• [WHAT TO WORK ON]
Each line in the material below, starting at the one with "Pin On 3 0 Hijabistas" and ending at the one with "Fall-mini-market-scribner's-catskills-lodge", is to be reproduced exactly; no picture is to be copied.
-------- PROVIDED DATA
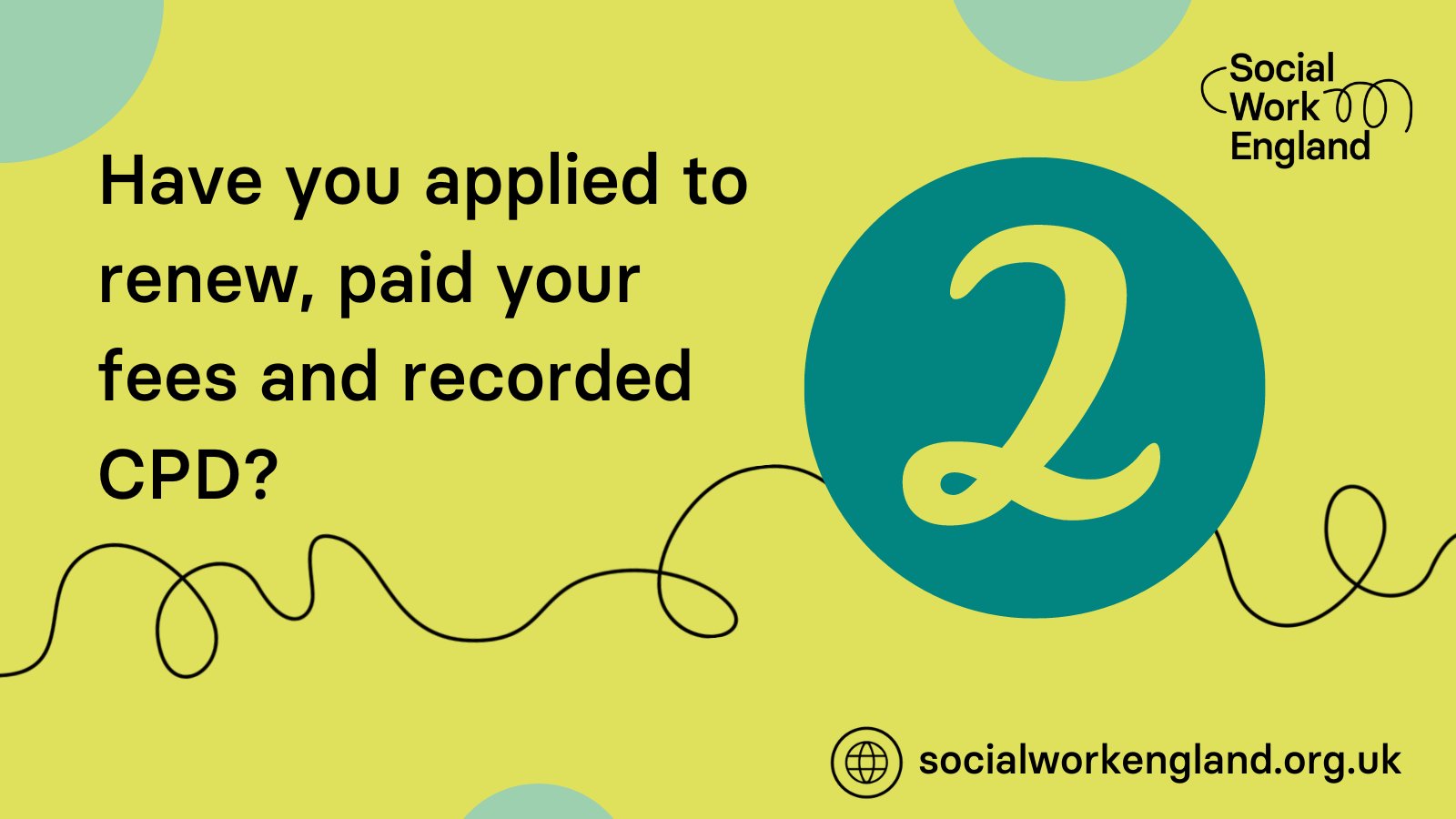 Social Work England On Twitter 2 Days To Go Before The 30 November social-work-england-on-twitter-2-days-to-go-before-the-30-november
----------------
-------- PROVIDED DATA
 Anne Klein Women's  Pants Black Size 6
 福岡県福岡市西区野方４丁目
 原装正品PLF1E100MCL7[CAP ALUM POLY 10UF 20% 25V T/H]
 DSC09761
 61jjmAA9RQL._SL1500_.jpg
----------------
-------- PROVIDED DATA
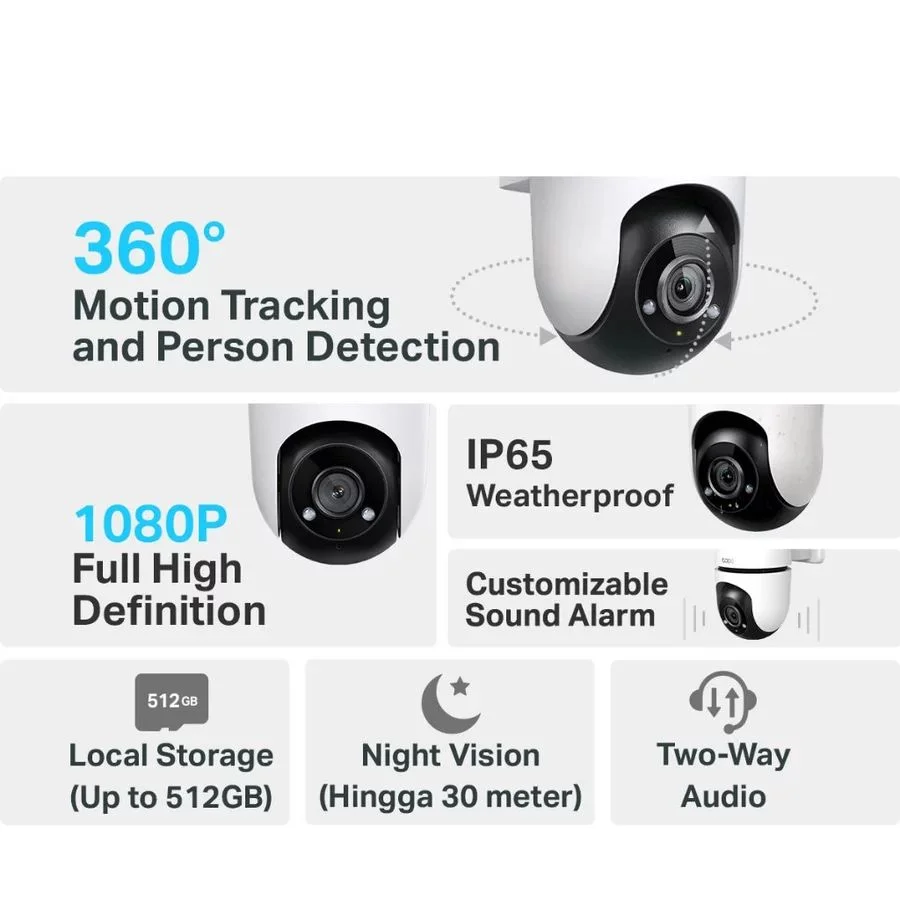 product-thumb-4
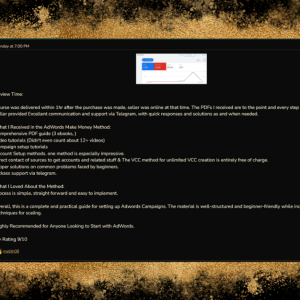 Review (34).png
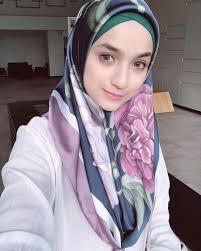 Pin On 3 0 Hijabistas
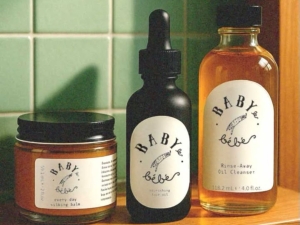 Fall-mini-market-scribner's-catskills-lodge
----------------
• [RESPONSE TO THIS EXERCISE]
 Pin On 3 0 Hijabistas
 Fall-mini-market-scribner's-catskills-lodge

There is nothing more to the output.